The probability of observing this MCE (or larger) if the model were perfectly calibrated across all segments. This is the minimum p-value across all segments.
Note that this p-value is not adjusted for multiple testing, so the Type I error rate (concluding there is miscalibration when there is none) will be higher in practice. We expect any required adjustment to be small because the hypotheses are highly correlated (many segments overlap). We therefore did not apply common corrections such as Bonferroni, as they would be overly conservative and could substantially increase Type II errors (failing to detect miscalibration when it exists).
- Returns:
p-value between 0 and 1.
- property mde: float
Minimum detectable error on absolute (probability) scale.
The MDE represents the smallest calibration error that would be statistically detectable at approximately 5 sigma significance, given the sample size. Expressed as an absolute probability difference.
- Returns:
Minimum detectable error as an absolute probability difference.

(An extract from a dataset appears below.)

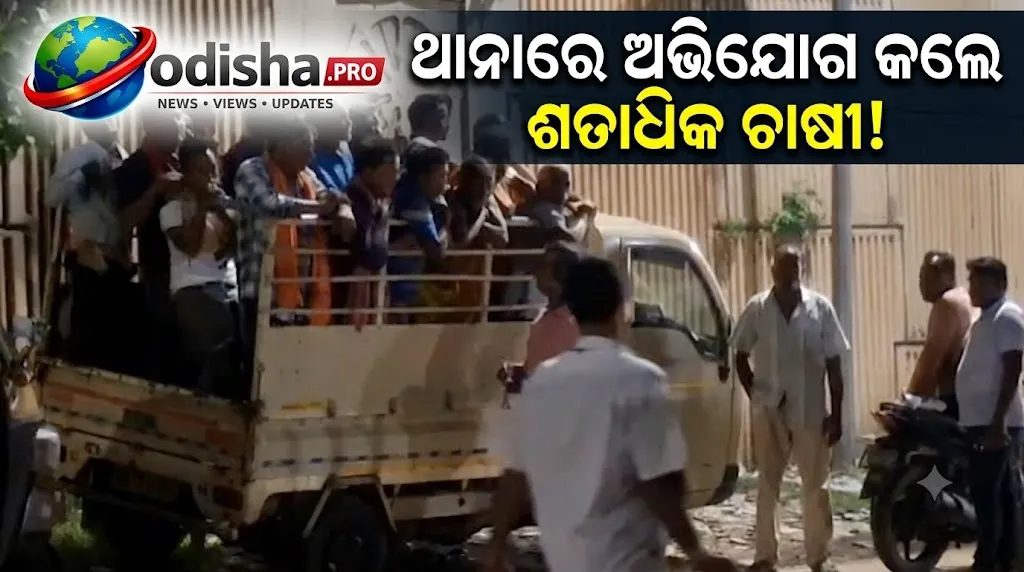 ଫସଲ ନଷ୍ଟ କରୁଛନ୍ତି ଷଣ୍ଢ, ପୁରୀରେ ଷଣ୍ଢଙ୍କ ନାଁରେ ଥାନାରେ ଅଭିଯୋଗ କଲେ ଶତାଧିକ ଚାଷୀ!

- property mde_relative: float
Minimum detectable error on relative (prevalence-adjusted percentage) scale.
The smallest calibration error that can be reliably detected given the sample size and variance in the data. Miscalibration smaller than this value may not be statistically significant even if present.
Based on a 5-sigma detection threshold (very high confidence).
- Returns:
MDE as percentage of prevalence.
- mcgrad.metrics.soft_label_log_loss(y_true, y_pred, sample_weight=None)[source]
Binary cross-entropy loss that supports soft labels in [0, 1].
Equivalent to sklearn’s
log_lossfor hard binary labels, but also supports continuous labels (e.g. confidence scores) in the [0, 1] interval.- Parameters:
y_true (
ndarray[tuple[Any,...],dtype[TypeVar(_ScalarT, bound=generic)]]) – Ground truth labels, either binary {0, 1} or soft floats in [0, 1].y_pred (
ndarray[tuple[Any,...],dtype[TypeVar(_ScalarT, bound=generic)]]) – Predicted probabilities in (0, 1).sample_weight (
ndarray[tuple[Any,...],dtype[TypeVar(_ScalarT, bound=generic)]] |None) – Optional sample weights.
- Return type:
- Returns:
Weighted mean cross-entropy loss.
- mcgrad.metrics.wrap_sklearn_metric_func(func)[source]
Wrap an sklearn-style metric function for use with the evaluation framework.
- mcgrad.metrics.wrap_multicalibration_error_metric(categorical_segment_columns=None, numerical_segment_columns=None, max_depth=3, max_values_per_segment_feature=3, min_samples_per_segment=10, max_n_segments=1000, metric_version='mce_relative', outcome_type='classification')[source]
Create a wrapped MulticalibrationError metric for use with the evaluation framework.
- Parameters:
categorical_segment_columns (
list[str] |None) – Columns to use for categorical segmentation.numerical_segment_columns (
list[str] |None) – Columns to use for numerical segmentation.max_depth (
int) – Maximum depth for segment generation.max_values_per_segment_feature (
int) – Max unique values per segment feature.min_samples_per_segment (
int) – Minimum samples required per segment.max_n_segments (
int|None) – Maximum number of segments to generate.metric_version (
str) –Which metric to return. Options: - ‘mce_relative’: relative (prevalence-adjusted percentage) scale (default,
classification only)
’mce’: absolute scale
’mce_sigma’: sigma (z-score) scale
’mce_pvalue’: p-value
Legacy names are also supported but deprecated: - ‘mce_sigma_scale’ -> ‘mce_sigma’ - ‘mce_absolute’ -> ‘mce’ - ‘p_value’ -> ‘mce_pvalue’
outcome_type (
str) – Type of outcome variable. Options: ‘classification’ (default) or ‘regression’. When ‘regression’, ‘mce_relative’ is not available.
- Return type:
_ScoreFunctionInterface- Returns:
A ScoreFunctionInterface-compatible wrapper.